Jones has been at NVIDIA for 13 years and has been working on this problem in various forms for most of that time, he said. Allocating buffers and passing them around between multiple drivers is a complicated problem. The allocator will sit in the same place as the Generic Buffer Management (GBM) component is today; it will be used both by applications and by various user-space driver components. The allocator will support both vendor-agnostic (e.g. Android ION) and vendor-specific back-ends, as well as combinations of the two.

Design

The allocator is designed around a number of different objects. An "assertion" is an object that describes the width, height, and format of the surface desired. Many applications may simply assert what they need, without adding any extra parameters; that request will either succeed or fail directly. More complicated parameters can be specified with a "usage" object that describes how the surface will be used; that could be a single kind of use (e.g. rendering) or a multi-use surface (e.g. display and texturing).

[James Jones]

A "constraint" object is returned from the allocator to describe the limitations inherent in a given assertion and usage combination. It is a description of the limitations of the surfaces that can be provided, including things like the pitch (or stride) and address alignment. Constraints are defined for the allocator library as a whole, so if a device has a strange constraint, it must be defined in the library and cannot be hidden in the allocator back-end library or driver. The reason is that constraints are non-trivial restrictions and it is not clear how to merge them if they are device specific; that code will need to live in the common allocator library.

The other object returned is a "capability" object that describes features that the driver can support for a given assertion and usage. Most commonly, these refer to memory layouts, such as the standard pitch linear layout or a vendor-specific layout (e.g. a tiling format). They will also refer to memory placement, which is what kind of memory (e.g. system memory or device-local memory) is required. Constraints and capabilities have dependencies between them, so what will be returned is a list of "capability sets" that pair compatible constraint and capability objects into valid combinations. Capability sets can be intersected with others (perhaps returned from a different device) to find a common denominator.

Jones then stepped through the allocator workflow, based on the USAGE document in his GitHub repository. The first step is to initialize an allocator device object from a device file descriptor.
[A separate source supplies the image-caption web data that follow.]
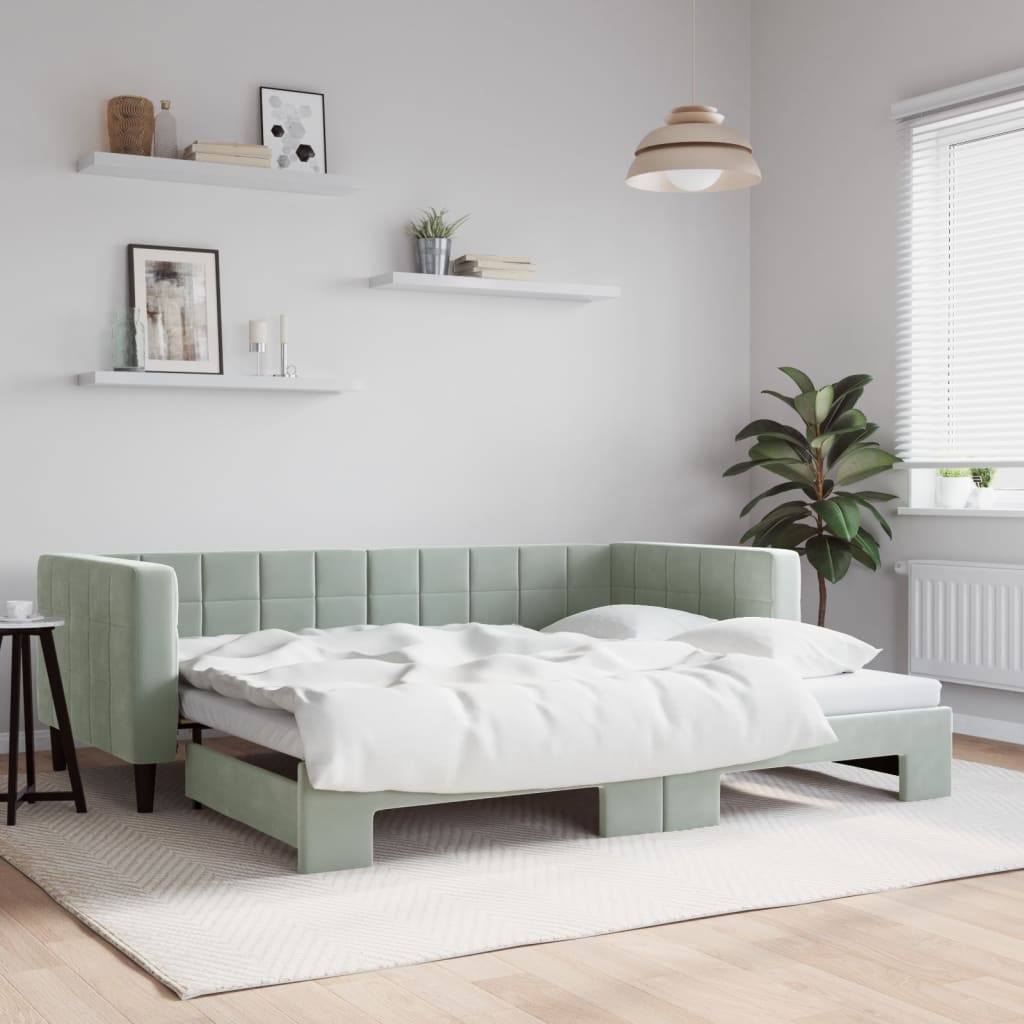 daybed med udtræk 90x190 cm velour lysegrå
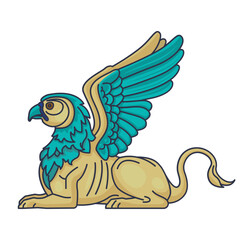 A fully colored vector illustration of a mythical sphinx with vibrant turquoise wings and golden fur. This legendary creature, blending features of a lion and an eagle, is inspired by ancient mytholog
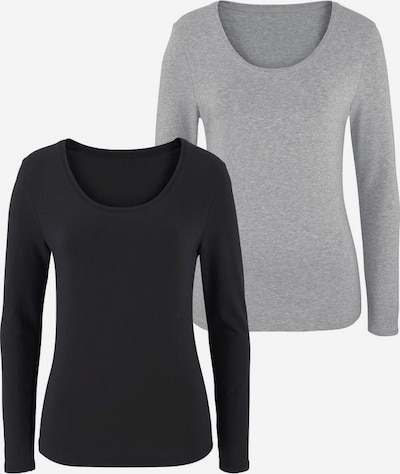 VIVANCE Langarmshirts (2 Stück) aus Baumwoll-Stretch in grau / schwarz, Produktansicht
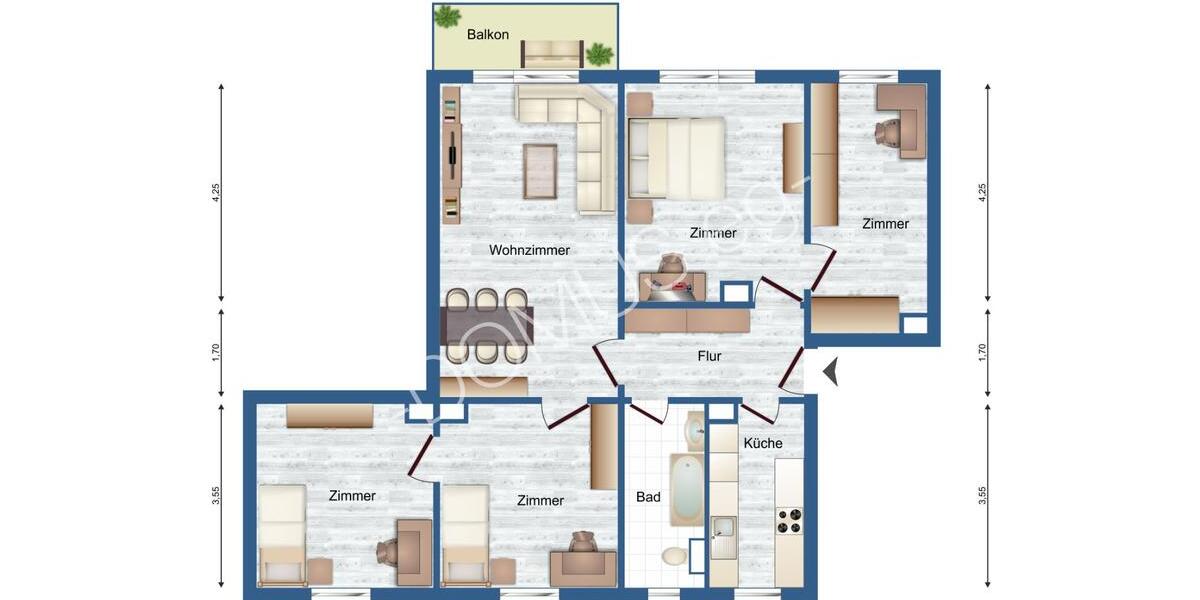 Annaburg 5 Zimmer WG geeignet, frisch renoviert mit Balkon! Ab 6 Monate flexibel anmieten! 5 zimmer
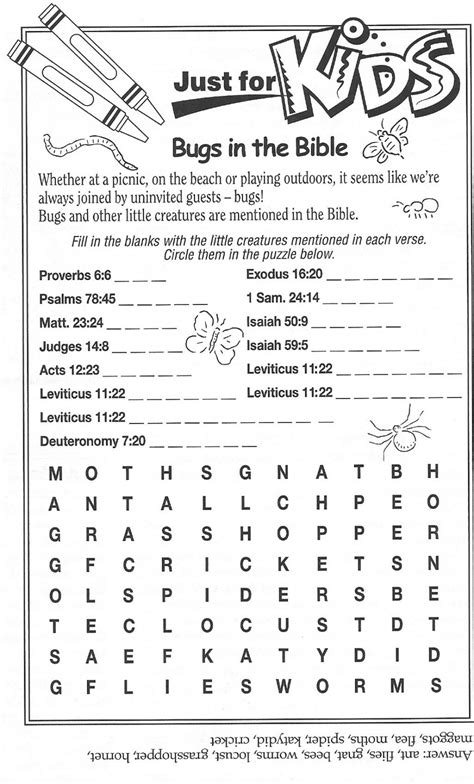 bible word search printable pages sunday school kids sunday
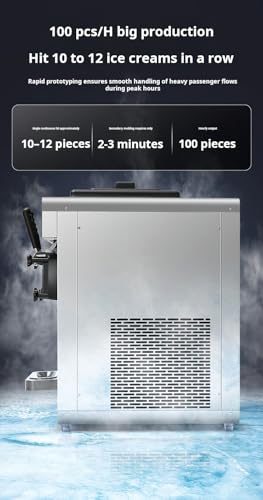 Commercial Ice Cream Machine,Soft Serve Ice Cream Machine Countertop, Soft Serve Machine with Built-in Puffing Pump, Dual Hopper&Pre-Cooling, Easy-Clean for Snack Dessert Shops (three-heads)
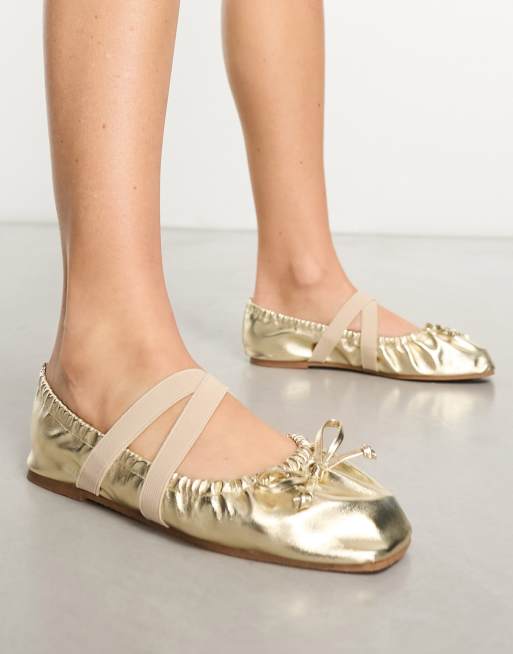 Asos gold hot sale flats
It is not yet clear how that allocator object will be defined. Those trying to use a single surface with multiple devices will likely initialize multiple allocator objects.

The next step is to query capability sets from the device(s) given an assertion and list of usages. After that, capability sets can be merged to find common capabilities; it is possible that there may be no commonality, so the application will need to have its own fall-back logic. Trying to allocate a surface on the available devices is next, which might also fail, in which case the application could fall back to a different capability set. Once the allocation succeeds, the surface can be imported into graphics, mode-setting, video, or other APIs.

Prototype

His goal was to have a demo for XDC, but that didn't work out. He has parts of the prototype working, though, as detailed in his slides [PDF] (slide eight). So far, he can create devices, query and merge capabilities and constraints, and create allocations. Exporting and importing allocations to other APIs and using the allocations, either for Vulkan and OpenGL or for Direct Rendering Manager (DRM) and non-graphics devices, remain to be done.

The core of the allocator is the capability set math; it is the "value add" for the new allocator, Jones said. The idea is to take two sets, potentially from two different devices, and to create a set that works for both devices. He thought it would be straightforward to implement that, but it took several weeks to get it right. It works well for all of the NVIDIA use cases, but he would like to see more testing from others with different devices and use cases.

He gave two examples of the capability set math using three different device capability sets, two of which could not be combined because there was no overlap in the format capabilities. The other two could be combined by choosing a common format capability and intersecting the address-alignment constraints. Devices can specify a "required capability"—one that will cause the merge to fail if it must be removed.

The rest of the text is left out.